Problem requirements —
Reproduce every line of the listing as written, apart from the pictures.

Given material —
┏━━

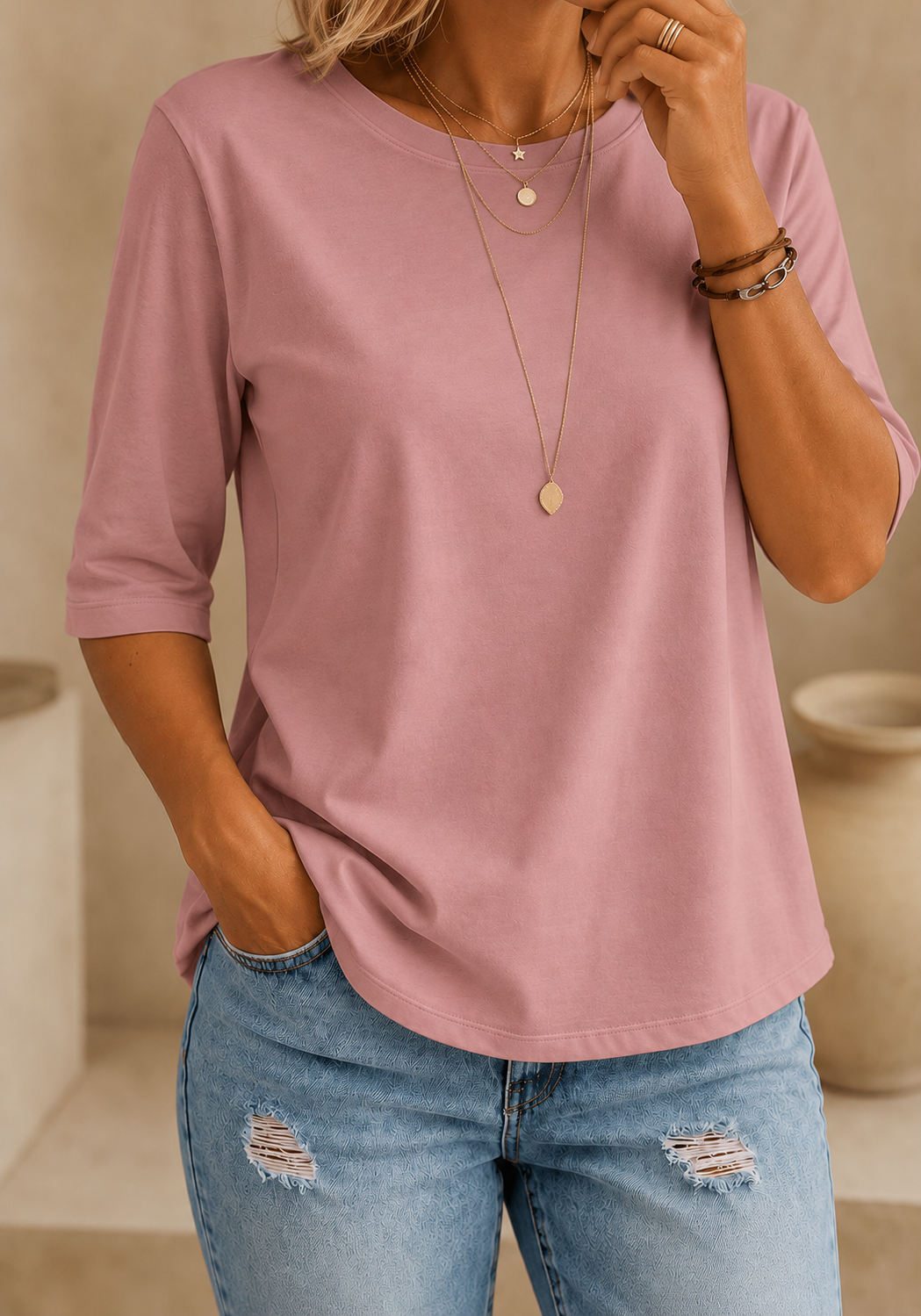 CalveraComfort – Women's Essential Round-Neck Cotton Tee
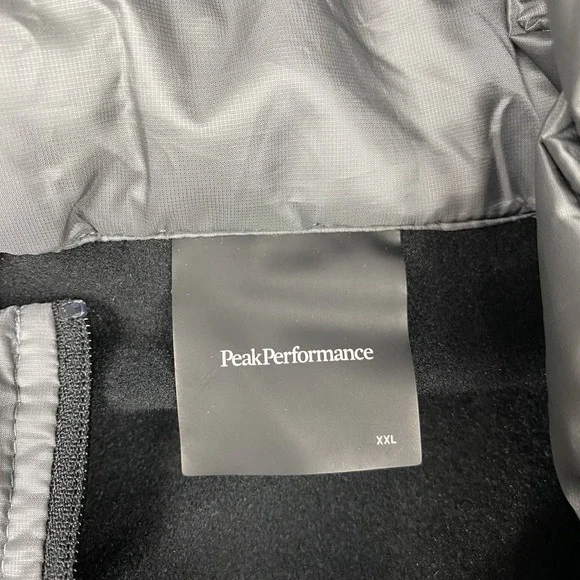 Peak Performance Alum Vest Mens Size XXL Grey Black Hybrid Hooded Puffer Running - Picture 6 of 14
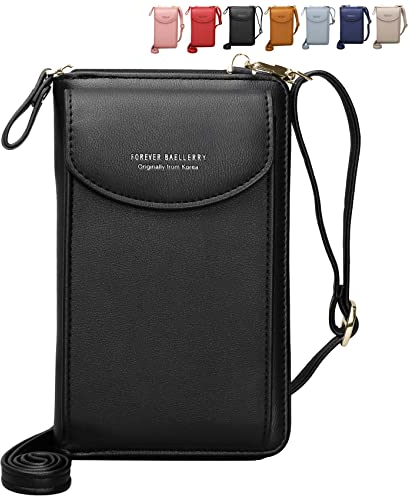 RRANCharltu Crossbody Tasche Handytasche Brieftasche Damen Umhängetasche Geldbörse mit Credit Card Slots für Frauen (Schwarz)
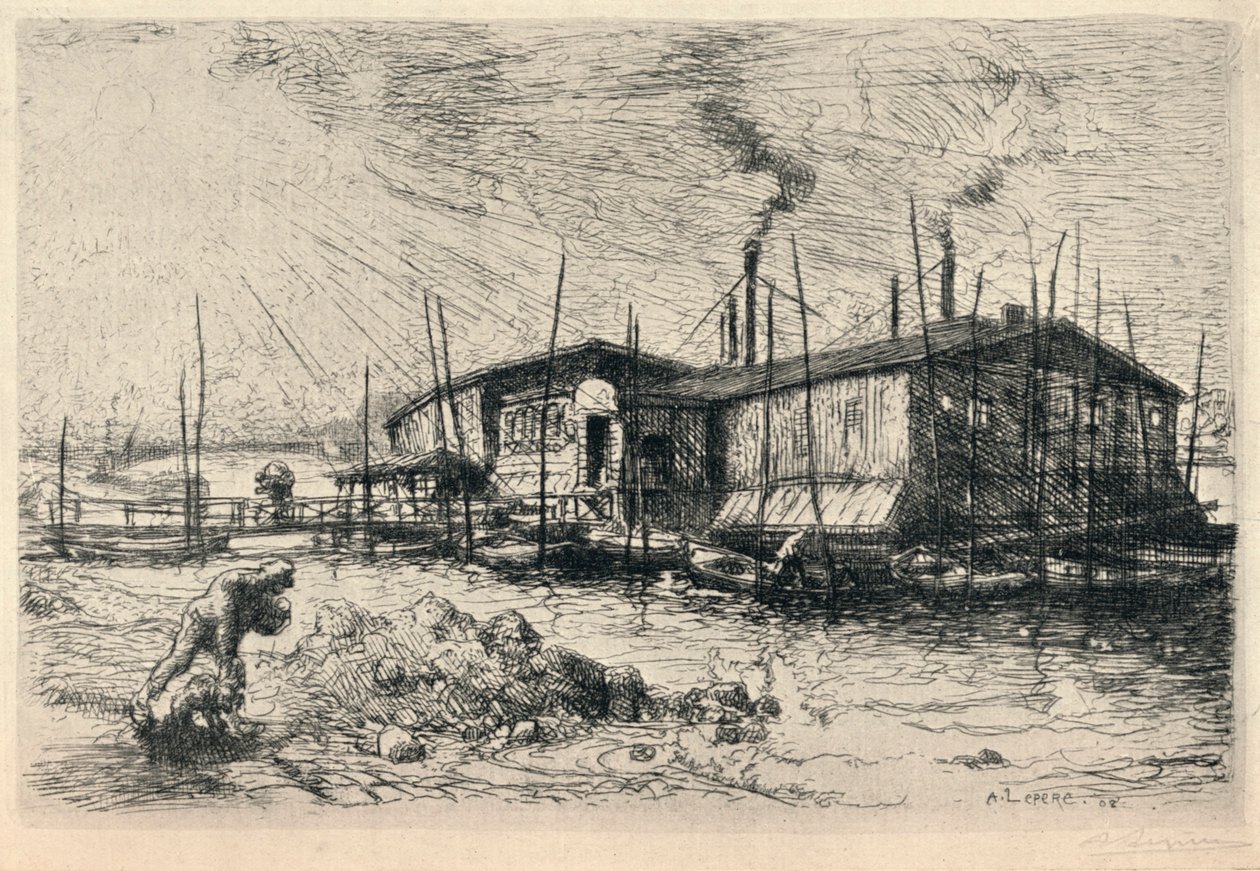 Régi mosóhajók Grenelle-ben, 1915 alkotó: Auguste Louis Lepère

┗━━

Response —
 CalveraComfort – Women's Essential Round-Neck Cotton Tee
 Peak Performance Alum Vest Mens Size XXL Grey Black Hybrid Hooded Puffer Running - Picture 6 of 14
 RRANCharltu Crossbody Tasche Handytasche Brieftasche Damen Umhängetasche Geldbörse mit Credit Card Slots für Frauen (Schwarz)
 Régi mosóhajók Grenelle-ben, 1915 alkotó: Auguste Louis Lepère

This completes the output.